Keith serves as art instructor for the Oglala Lakota College on the Pine Ridge Reservation, and is a 2019 First Peoples Fund Cultural Capital Fellow.
Strokes of blues, a swirl of deep red, and the buffalo skull begins to form. Gathered in an art room, Keith leads youth, adults, and elders in painting buffalo head designs. Each individual’s multicolored piece is a unique expression of their creativity through 2D art. Once the designs are finished, Keith helps transfer them onto t-shirts for the participants to take home their art created during his “Buffalo Nation: Creating Community” project.

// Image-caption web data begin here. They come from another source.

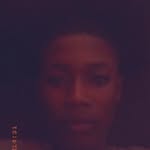Nicolas umoru - @eric_gram66 - Instagram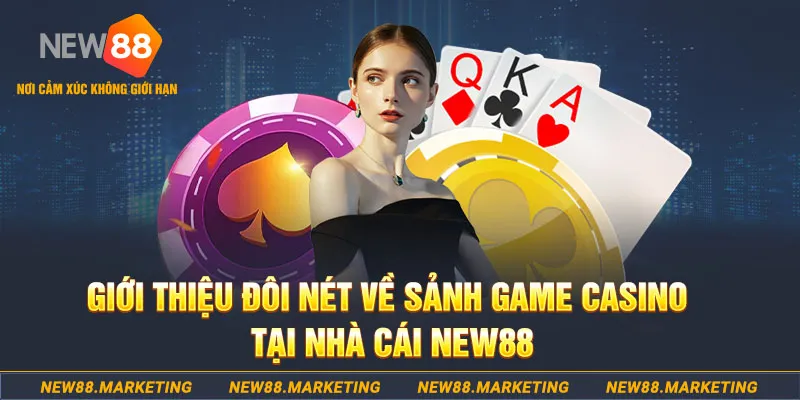 win rar đăng nhập roulette 2025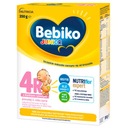 Bebiko Junior 4R sušené mlieko 350 g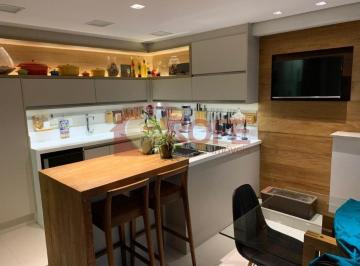 Apartamento · 88m² · 2 Quartos · 2 Vagas · Apartamento à venda, 88 m² por R$ 2.200.000,00 - Paraíso - São Paulo/SP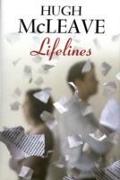 Lifelines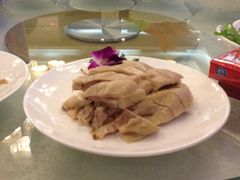 iphone_upload_pic-南通大饭店(老楼)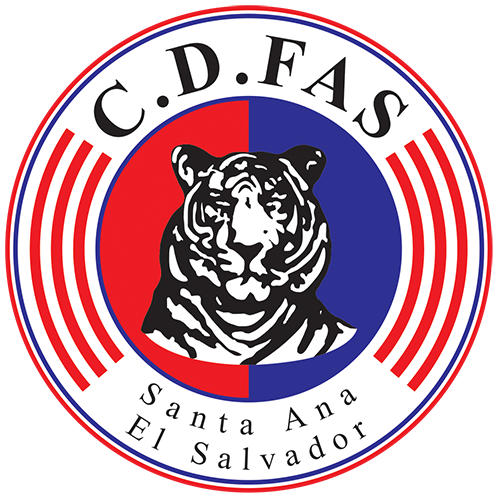 CD FAS Soccer - CD FAS News, Scores, Stats, Rumors & More | ESPN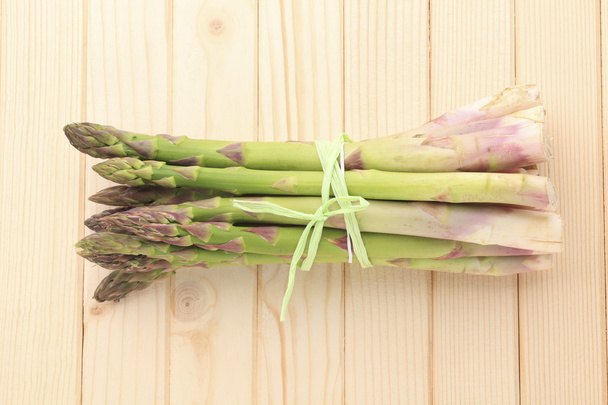 Asparagus - Zdjęcie, obraz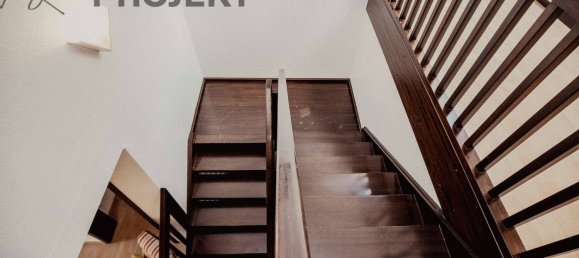 3 غرف نوم منزل في Coburg, Germany رقم 228149 20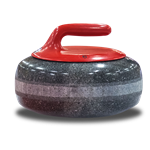 Curling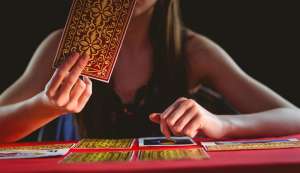 ������� �� ������ ���� - ����������� 1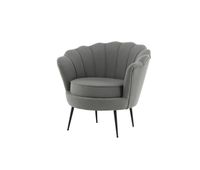 sillon calais estilo moderno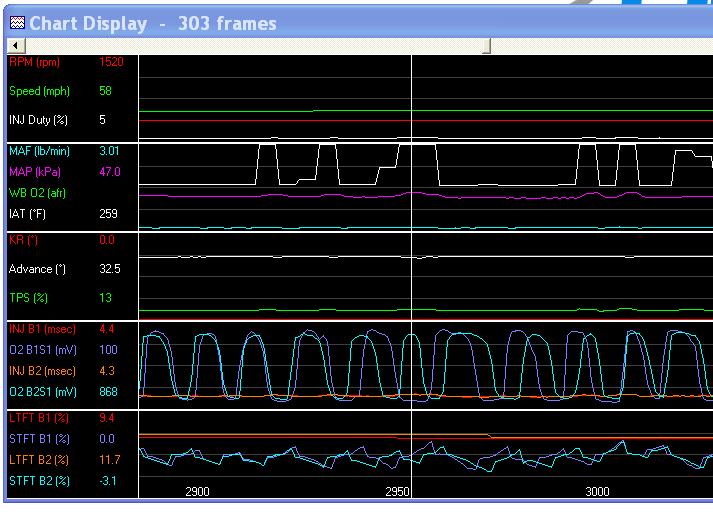 iat_spikes02.jpg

“This is about overcoming boundaries within the art world as far as, how do we all enjoy and take part in art?” Keith says. “I think it was something very much aligned with a tribal perspective, and definitely my Lakota perspective of how I view art. It’s not only individuals; it’s about everyone.”
Keith’s project is building community and breaking barriers in the art world, making it accessible. The first project collaboration took place in Minneapolis between Keith, the Native community, All My Relations Gallery, the Native American Community Development Institute, the Northern Spark Festival, the Oscar Howe Summer Art Institute at USD, and Minneapolis/St. Paul-based artists.
“With the art workshops, I’m trying to have the community understand that the intention is to uplift artists as being more than able to produce a commodity or an object,” he says. “These are people who are instilled with intergenerational knowledge.”
“Buffalo Nation: Creating Community” demonstrates a living practice of Lakota significance, and recognizes the “relative perspective” (Mitakuye Oyas’in) as a connector between art and community. Keith partnered with the Oglala Lakota College and several districts on the Pine Ridge Reservation, then expanded to Rapid City.
“I do feel motivated and inspired as an artist by my relatives and our cultural significance,” Keith says. “I live my life as an artist, instructor, student, and viewer. I see art in my community and as my identity, and I hold a responsibility in encouraging others to see it also.”